◆ Exercise
The lines to extract run from the first line of the material below to the line containing "Hello and welcome", both included; leave the pictures behind.

§

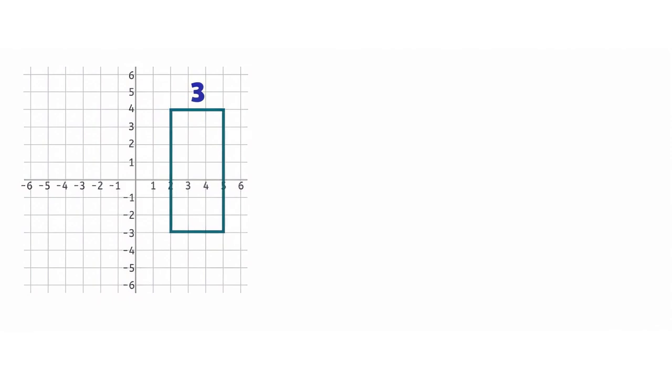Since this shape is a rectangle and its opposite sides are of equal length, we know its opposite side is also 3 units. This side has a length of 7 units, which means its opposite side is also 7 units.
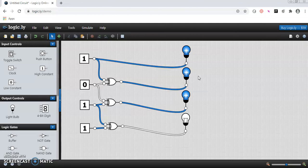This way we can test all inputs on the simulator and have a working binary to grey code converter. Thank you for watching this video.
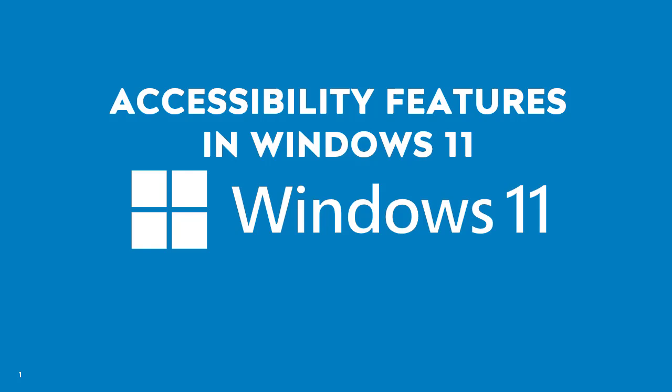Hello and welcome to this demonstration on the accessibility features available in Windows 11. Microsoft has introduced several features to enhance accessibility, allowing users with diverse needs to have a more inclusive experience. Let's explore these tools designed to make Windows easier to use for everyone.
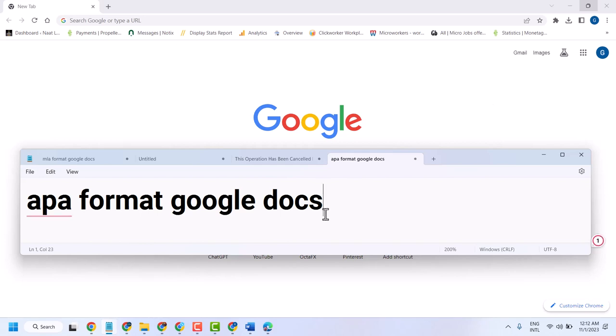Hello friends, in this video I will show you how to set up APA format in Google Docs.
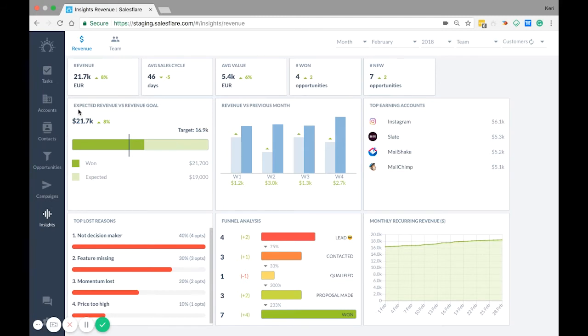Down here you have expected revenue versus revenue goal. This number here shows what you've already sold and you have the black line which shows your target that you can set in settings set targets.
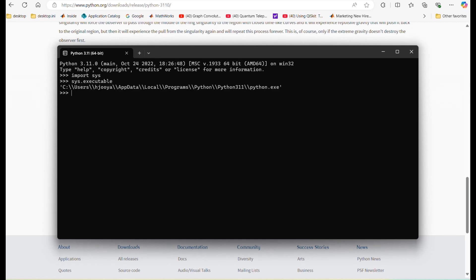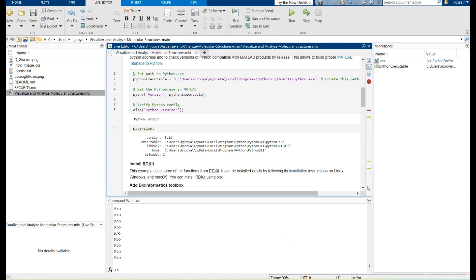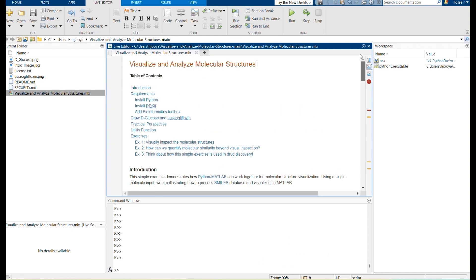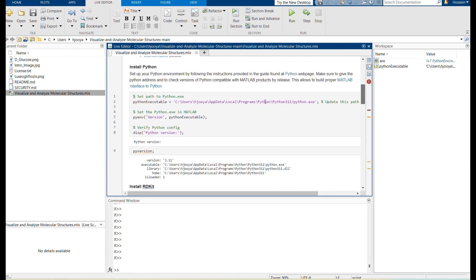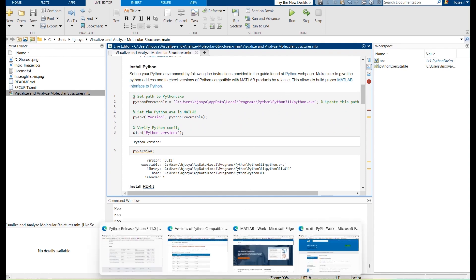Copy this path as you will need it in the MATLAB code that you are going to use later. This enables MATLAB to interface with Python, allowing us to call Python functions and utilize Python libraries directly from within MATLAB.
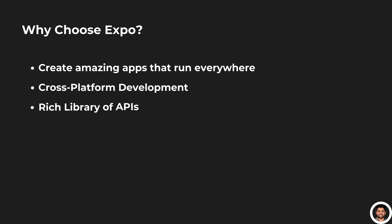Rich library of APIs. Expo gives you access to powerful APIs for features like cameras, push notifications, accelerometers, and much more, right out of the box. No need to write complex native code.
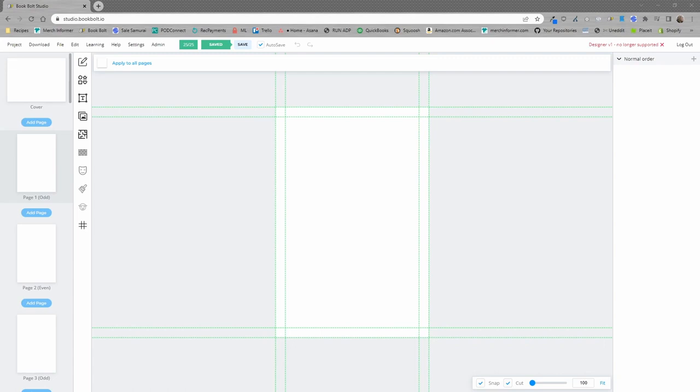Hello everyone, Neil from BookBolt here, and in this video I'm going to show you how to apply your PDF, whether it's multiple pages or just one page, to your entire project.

§

◆ Exercise answer
Since this shape is a rectangle and its opposite sides are of equal length, we know its opposite side is also 3 units. This side has a length of 7 units, which means its opposite side is also 7 units.
This way we can test all inputs on the simulator and have a working binary to grey code converter. Thank you for watching this video.
Hello and welcome to this demonstration on the accessibility features available in Windows 11. Microsoft has introduced several features to enhance accessibility, allowing users with diverse needs to have a more inclusive experience. Let's explore these tools designed to make Windows easier to use for everyone.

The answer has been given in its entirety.